The most overcrowded train services in England and Wales have been revealed by the DfT today.

Services running to and from London were by far the most crowded in the country: nine out of 10 of the most overcrowded services in spring 2017 were services running through the capital.

The most overcrowded peak train service in spring last year was the 05:40 Uckfield to London Bridge service ran by Southern. It reached the highest number of passengers in excess of its capacity at 07:00 with 267 on the service at London Bridge — with a massive 160 passengers over the capacity of the two carriages designed to hold just 107 people.

Other notable overcrowded services in spring included the 17:11 Sutton to Luton service ran by Thameslink services. It reached the third highest number of passengers in excess of capacity at London St Pancras where a whopping 1,579 passengers were on the eight-carriage, 803-capacity service. This is almost 100% over the standard user capacity for the GTR line.

In Autumn, Manchester took the crown for the top two overcrowded services with the Glasgow to Manchester Airport service reaching the highest critical load point at Manchester Oxford Road at 08:24 — with just four carriages on the service, 212 passengers were in excess of the cars’ capacity.

The Manchester Airport to Edinburgh line was the second most-packed carriage in autumn 2017 with 387 passengers in the carriages at Manchester Oxford Road at 16:19, 196 passengers over the standard train capacity. TransPennine Express ran both services.

GTR features prominently in the overcrowding stats: of the 20 most-overcrowded services between spring and autumn collectively, half of the services provided were ran by GTR. Overcrowded trains, cancellations, and delays to services were amongst the reasons GTR’s passenger numbers fell following statistics in June.

Passenger numbers in major cities fall

Users of rail networks in several major cities across England have fallen.

Passengers of services to Leeds, Liverpool, Manchester and Cardiff have suffered the largest decline, with many citing chaotic delays and cancellations as a number of reasons for no longer frequently using rail network.

Users of services to and from Leeds plummeted; there were almost one in 10 less users of services of AM peak arrivals to the Yorkshire city in Autumn 2017 compared to the previous year.

Liverpool’s numbers have also fallen, with 4.3% fewer users of the services compared to the year before.

Passenger satisfaction surveys, conducted by Transport Focus, found that only 72% of commuters — those who use the rail service more than any other group — were satisfied with their service. This marks a fall from 80% satisfaction in Autumn 2012.

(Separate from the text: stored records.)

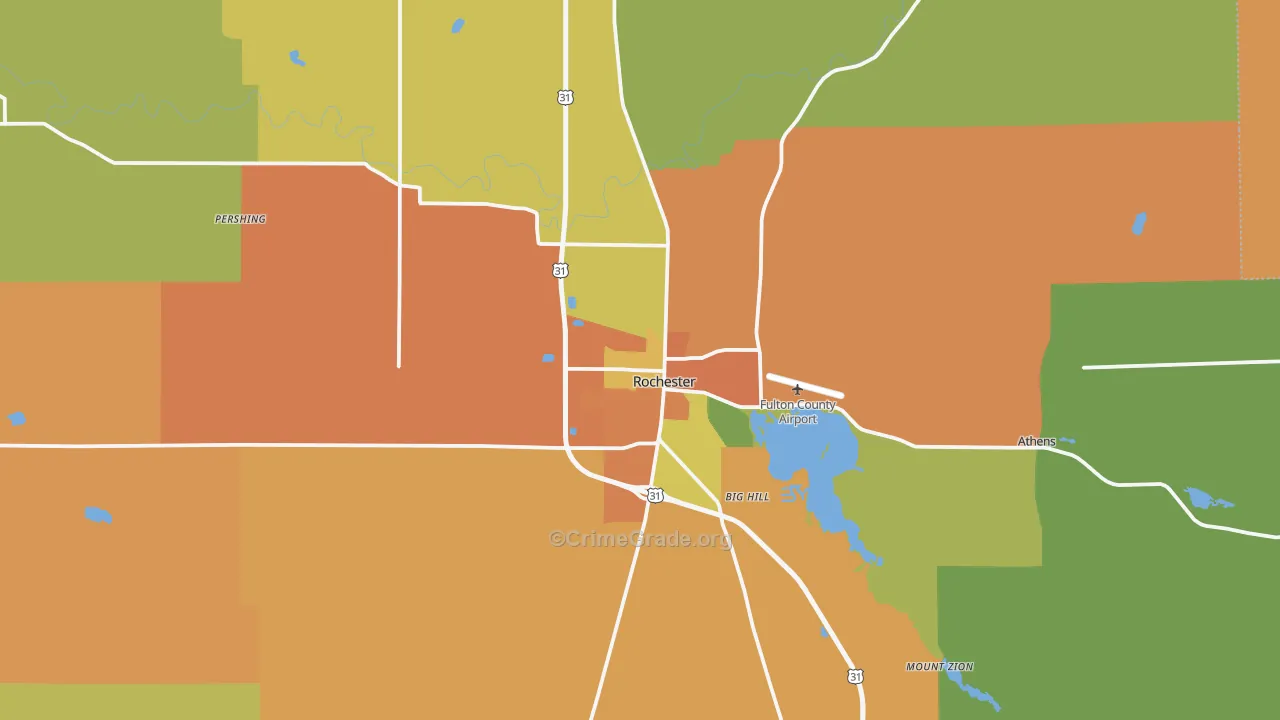Rochester, IN Map of Theft Rates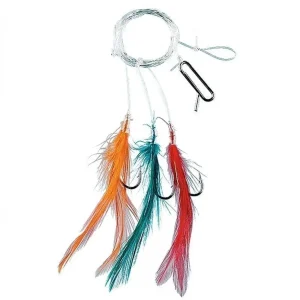 Fjäderhäckla 6 färger 6 krokar stl 2/0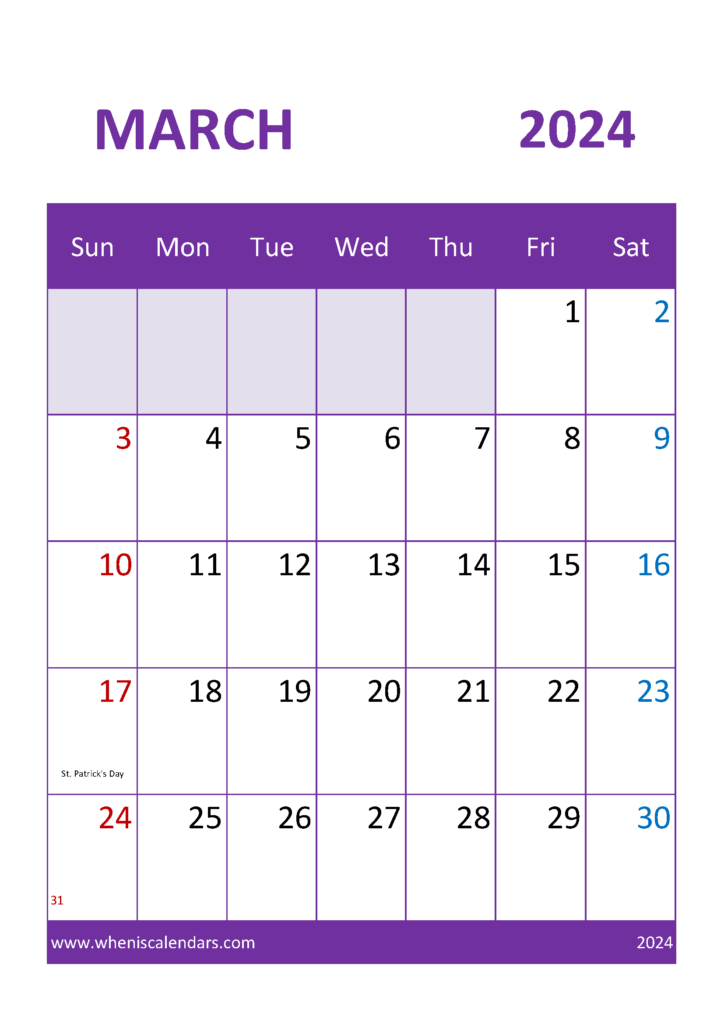 Download March Calendar Template 2024 A4 Vertical 34053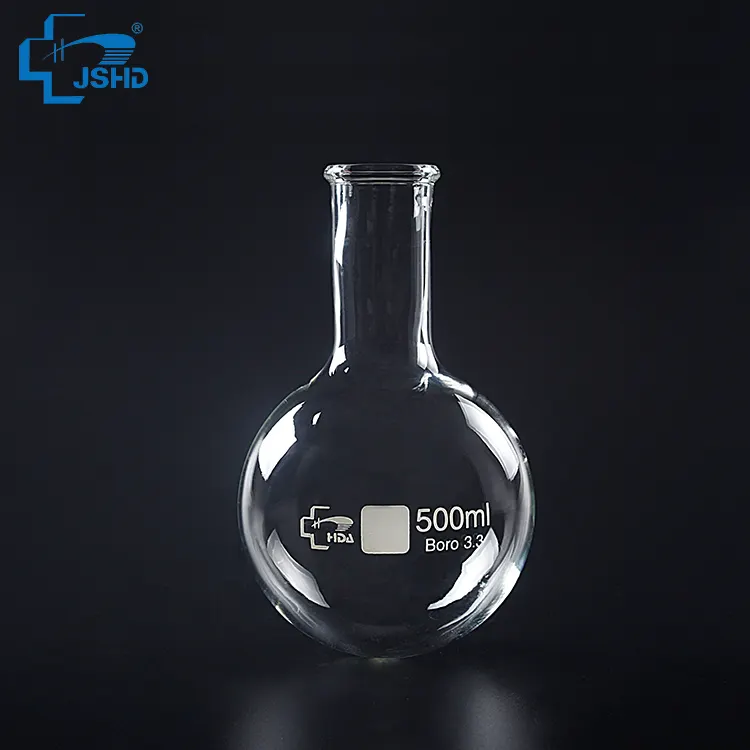 Lab long narrow neck boiling flask glass flat bottom round boiling flask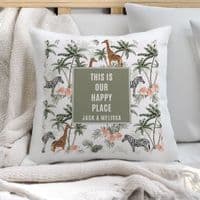 Personalised Jungle Print Cushion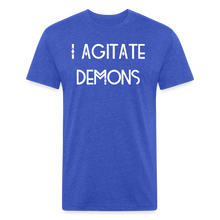 Load image into Gallery viewer, &quot;I Agitate Demons&quot; (white letter) Fitted Tee - heather royal
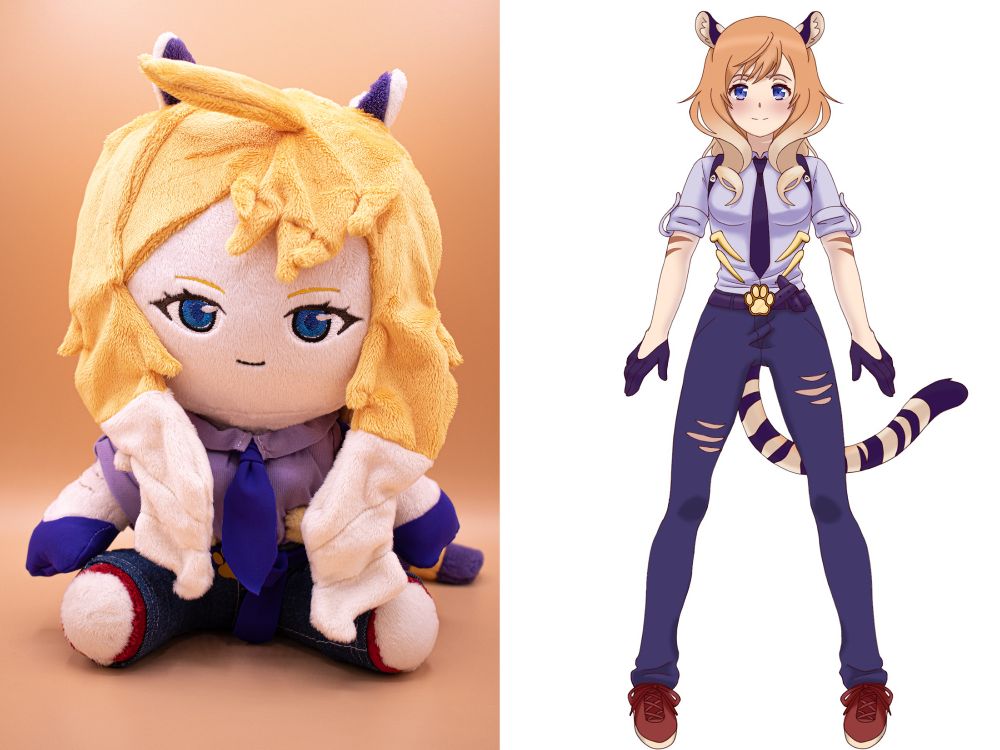 A plushie of Spacey Tora, side by side with her full art. The pattern is the Big Sitting Chibi and ITH Eyes Number 13 by Mon Pattern on Etsy, and the tail, ears, breasts, clothing, and hair are patterned by Kyuu! 

I actually made Tora after making her official adorable tiger, Solar, and wanted to continue using the same colors for continuance, so they'd match. This was my first time using the eye pattern that Mon Pattern makes, and it makes the face look smaller, so my hope is if I keep using it, I make them bigger. I like the buttons of the others, it gives a Coraline vibe and typical style of other vgen artists who make plushie art. But I tried using a swimsuit material for all of Tora's details, and I loved working with it, and put it EVERYWHERE. It was so much fun. You can't see it, since the clothes are sewn on, but I also hand embroidered all of Tora's exact stripes on the arms, and down the back. phew.

Tora is a firey tiger Vtuber, with long blonde hair with ringlets in the front. She has purple tiger ears on top of her head, and a stripey tail in blonde and purple. She has a light purple collared shirt, pushed up past the elbows, and has tiger stripes poking out. She has small gloves, a purple tie, and a purple harness with a yellow/bone colored spine that peeks to the front. She also has slightly ripped long jeans, and red tennis shoes, and has a belt with a large paw printed belt buckle. 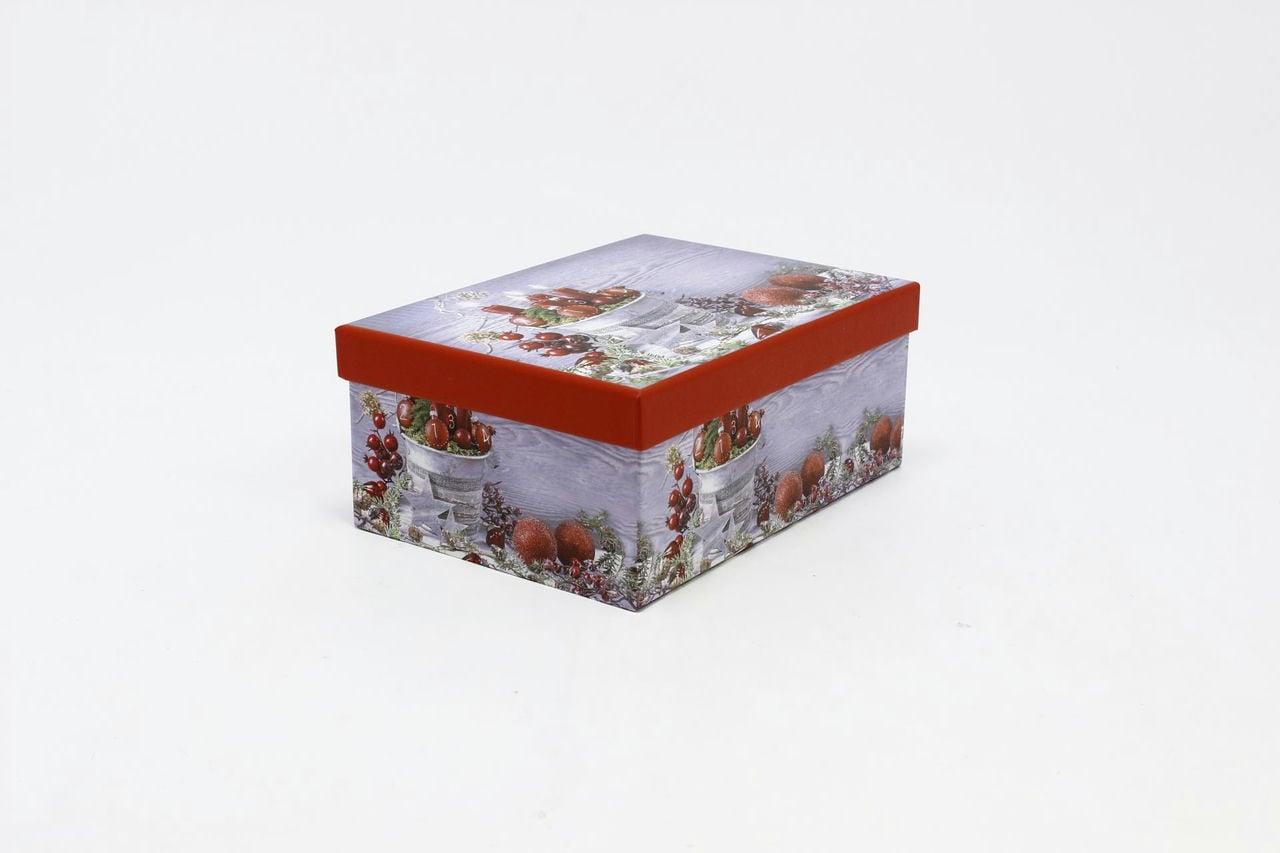 Коробка НГ прямоугольная 23*16,5*9,5 см "Новогодний натюрморт" (Арт) 730605/1666-8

Speaking to the BBC this morning, chair of the Transport Select Committee Lilian Greenwood blasted the DfT for failing to fulfil promises made to passengers to improve services following a chaotic new timetable introduction to the rail networks on 20 May.

She noted that as the figures are from August 2017 and passenger satisfaction may have fallen even further since the national disruption over the last three months, even fewer passengers will be using railways, which can have detrimental impacts to the wider environment.

She said: “Fewer people are choosing to travel by train, which means more cars are coming into our cities, leading to more congestion and harmful emissions being created.

“The May timetables and emergency timetables since were supposed to make services for passengers better but they’ve made them worse. The May timetable is absolute chaos — we will be making recommendations to the DfT and the government about the best way to go forward from here.”